**THE PROBLEM**. Exactly the lines below starting at the line with "daiglep's tweet photo." and ending at the line with "More Photos Of" are wanted, with both ends included. Leave out the pictures and add no other lines.

**EXERCISE MATERIALS**.
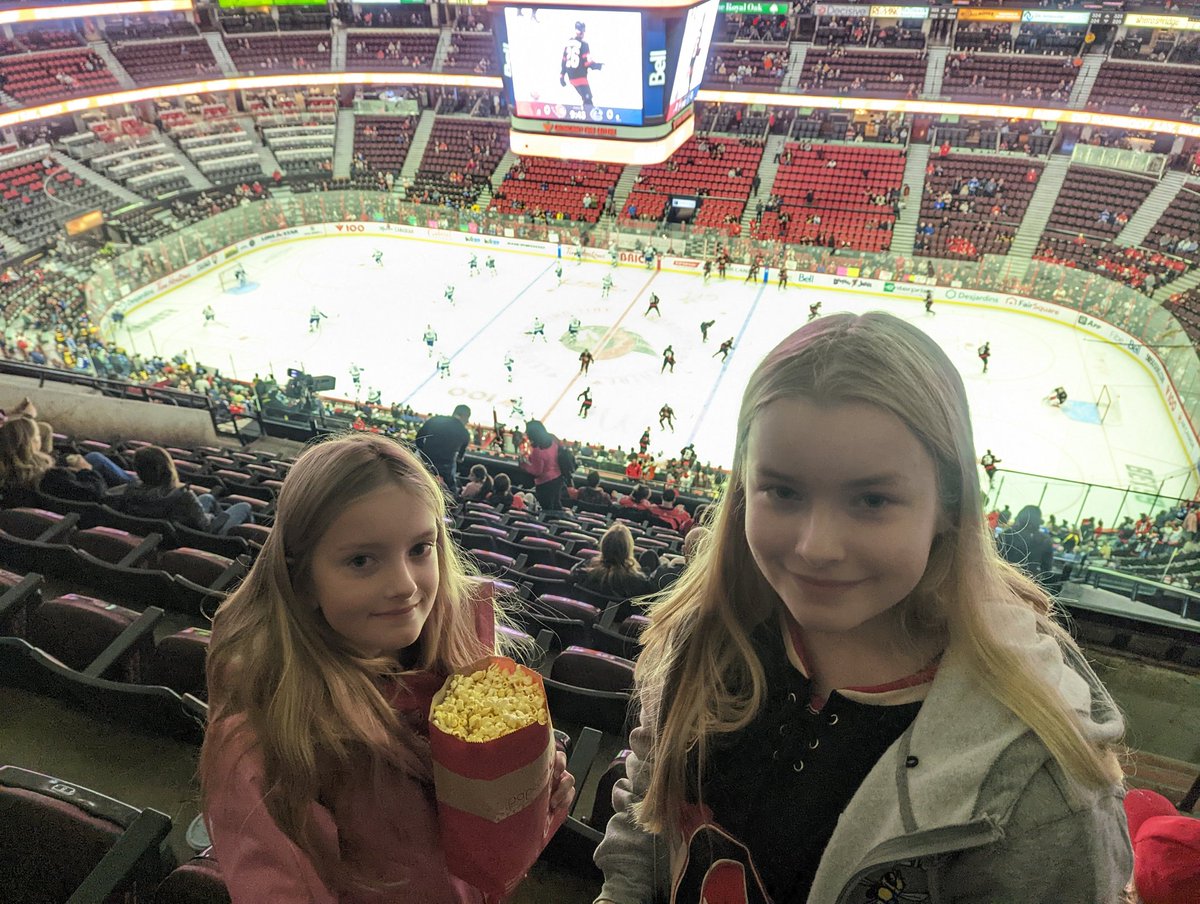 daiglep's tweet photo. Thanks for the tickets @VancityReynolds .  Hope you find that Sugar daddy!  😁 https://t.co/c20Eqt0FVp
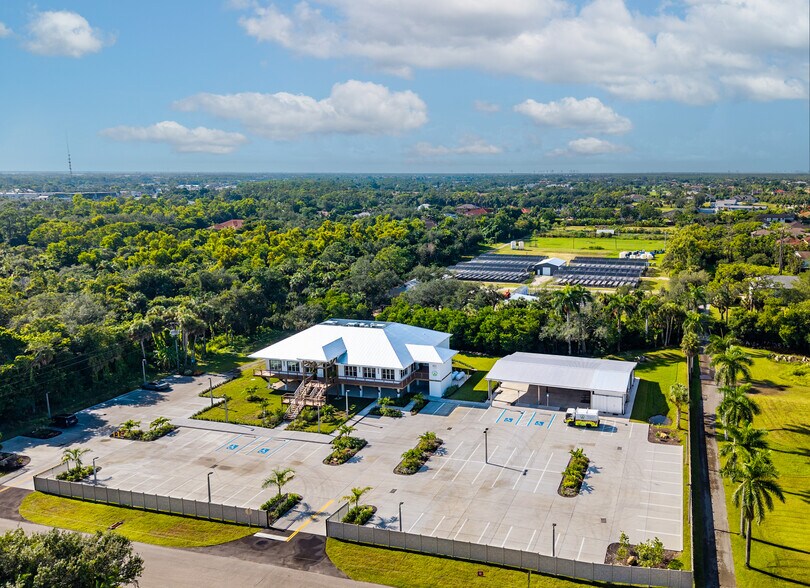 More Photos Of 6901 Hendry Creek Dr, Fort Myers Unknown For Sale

==

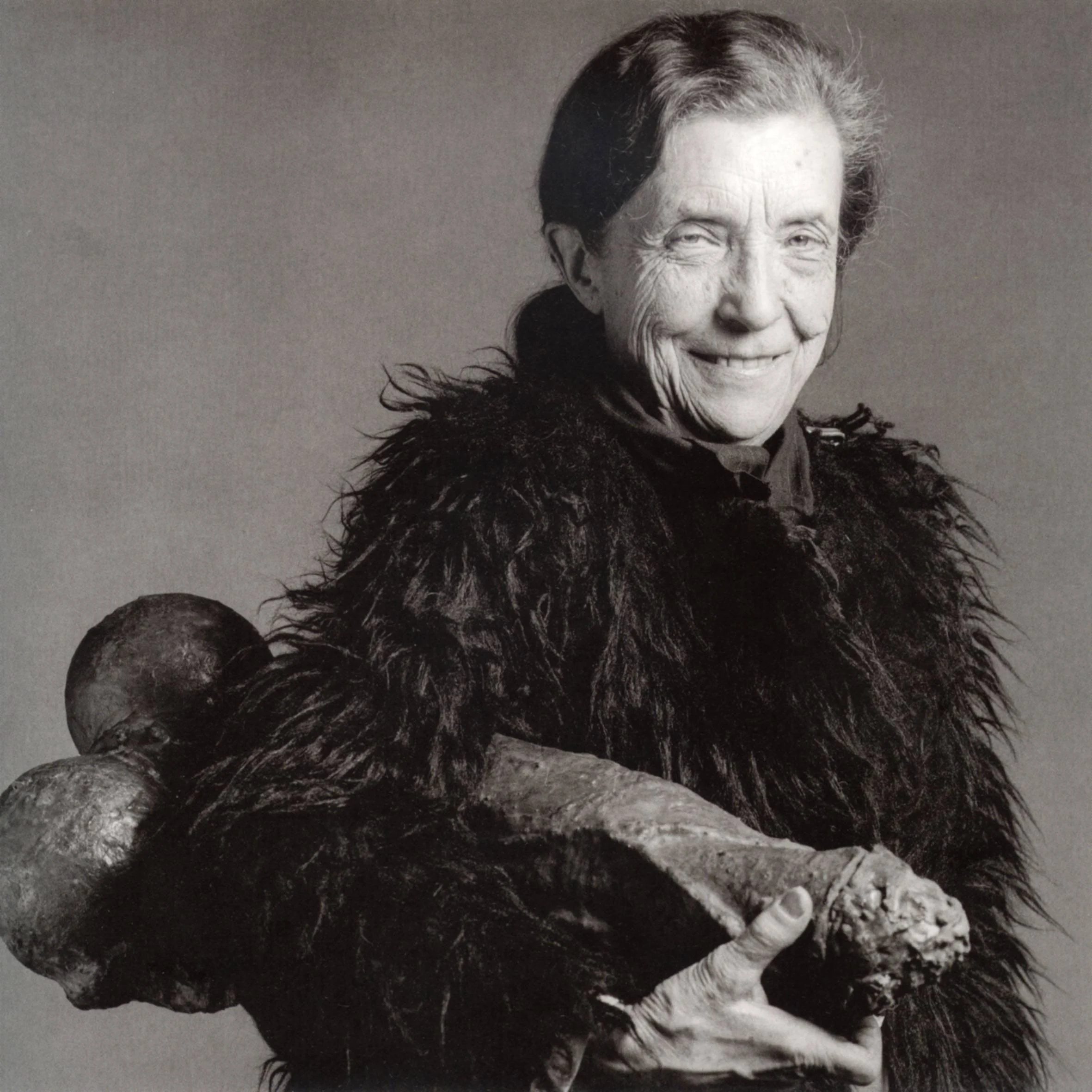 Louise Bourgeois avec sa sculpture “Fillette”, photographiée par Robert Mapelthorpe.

**OUTPUT BELOW**.
 daiglep's tweet photo. Thanks for the tickets @VancityReynolds .  Hope you find that Sugar daddy!  😁 https://t.co/c20Eqt0FVp
 More Photos Of 6901 Hendry Creek Dr, Fort Myers Unknown For Sale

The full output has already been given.